Despite the Seoul Metropolitan Government’s strong opposition to providing free meals in public elementary schools, the Seoul Metropolitan Office of Education will begin providing free lunches starting this March with the funds coming out of its own pocket.

Under the plan mapped out by the Seoul Education Office last week, it will use 116.2 billion won ($104 million) to provide free lunches for schools in all 25 Seoul districts.

According to the plan devised by liberal education chief Kwak No-hyun, first to third-graders will receive the lunches, including four of the 25 districts whose education heads are supported by the Grand National Party, which opposes free lunches.

The education office said 21 of 25 district offices supported by the Democratic Party will provide free lunches for fourth-graders as well using their own budgets.
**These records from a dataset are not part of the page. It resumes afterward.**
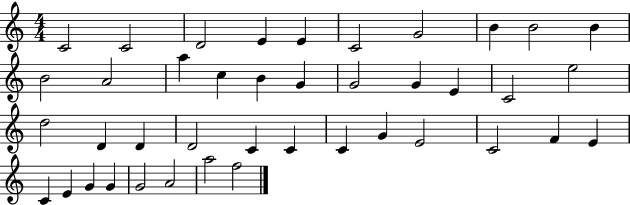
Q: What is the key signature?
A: C major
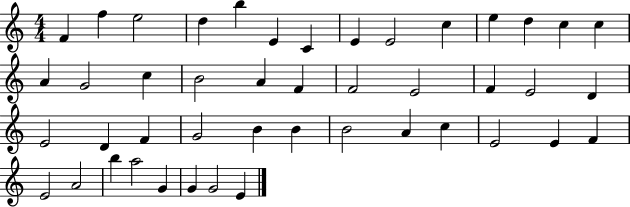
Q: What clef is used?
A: treble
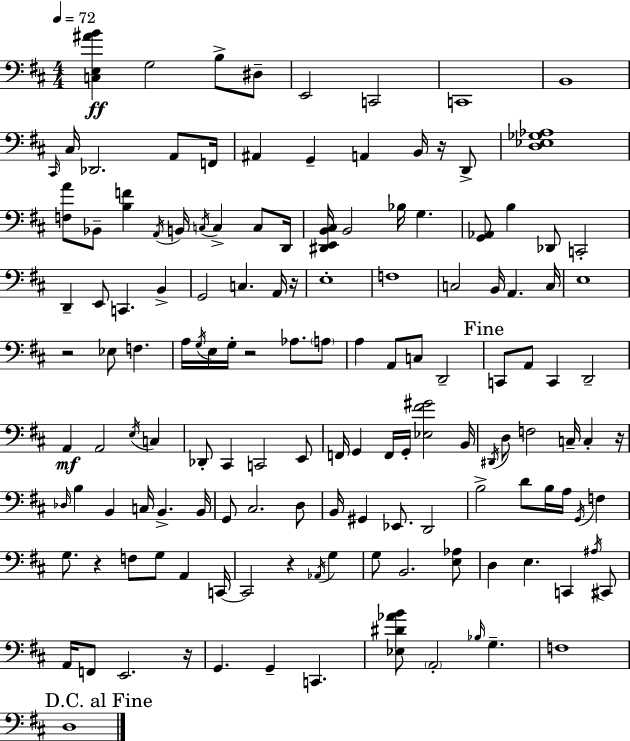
[C3,E3,A#4,B4]/q G3/h B3/e D#3/e E2/h C2/h C2/w B2/w C#2/s C#3/s Db2/h. A2/e F2/s A#2/q G2/q A2/q B2/s R/s D2/e [D3,Eb3,Gb3,Ab3]/w [F3,A4]/e Bb2/e [B3,F4]/q A2/s B2/s C3/s C3/q C3/e D2/s [D#2,E2,B2,C#3]/s B2/h Bb3/s G3/q. [G2,Ab2]/e B3/q Db2/e C2/h D2/q E2/e C2/q. B2/q G2/h C3/q. A2/s R/s E3/w F3/w C3/h B2/s A2/q. C3/s E3/w R/h Eb3/e F3/q. A3/s G3/s E3/s G3/s R/h Ab3/e. A3/e A3/q A2/e C3/e D2/h C2/e A2/e C2/q D2/h A2/q A2/h E3/s C3/q Db2/e C#2/q C2/h E2/e F2/s G2/q F2/s G2/s [Eb3,F#4,G#4]/h B2/s D#2/s D3/e F3/h C3/s C3/q R/s Db3/s B3/q B2/q C3/s B2/q. B2/s G2/e C#3/h. D3/e B2/s G#2/q Eb2/e. D2/h B3/h D4/e B3/s A3/s G2/s F3/q G3/e. R/q F3/e G3/e A2/q C2/s C2/h R/q Ab2/s G3/q G3/e B2/h. [E3,Ab3]/e D3/q E3/q. C2/q A#3/s C#2/e A2/s F2/e E2/h. R/s G2/q. G2/q C2/q. [Eb3,D#4,Ab4,B4]/e A2/h Bb3/s G3/q. F3/w D3/w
The DP controls the majority of the seats in the Seoul Metropolitan Council after they won a landslide victory in the June 2 local elections in 2010.

Seoul Mayor Oh Se-hoon and the council have been in a political deadlock as the council members are largely against Oh’s city development projects. In fact, DP councilors slashed Oh’s key development projects and approved 69.5 billion won to finance free lunches for all elementary schools.

Oh maintains that Seoul does not need to provide free lunches for rich kids. Counter-punching free lunch, Oh announced in a press briefing last week that he will push ahead with the “three no’s” in education, including no violence, no private tutoring and no major expenses for school supplies, sending a clear message that he would not be subdued by what he called the DP’s and Seoul Education Office’s “populist moves.”

Seoul city government plans to spend 373.8 billion won to implement the “three no’s” in education, with a completion date of 2014.

This year, Oh will use 52.7 billion won to implement the “three no’s” in education by hiring 1,094 school guards in 547 elementary schools to prevent students from physical and sexual violence in addition to adding more CCTVs in school zones. In June, Kim Su-cheol, a 45-year-old repeat sex offender, who spent 15 years in prison for raping a woman in 1987, lured an 8-year-old girl from the playground of a Seoul elementary school in broad daylight and brutally raped her in his nearby home.

Part of the “three no’s” in education includes encouraging students to self-orientate study, and not rely on private education.

Oh said he will support 250 elementary, middle and high schools to run classes where students learn studying independently without relying on expensive private tutors. He wants to gradually increase the benefit to all Seoul schools by 2014. Oh said free school lunches could cause increased taxes and jeopardize the financial health of the Seoul city government.

In a related matter, the Seoul Metropolitan Government in January asked the Supreme Court to judge whether the passage of this year’s budget for free school meals was valid.

The lunch budget was created without consulting the GNP and Oh. The DP railroaded the passage of the bill by using force while the GNP councilors boycotted the vote.

Experts say it is unclear whether the Seoul Education Office’s free lunch program will go smoothly.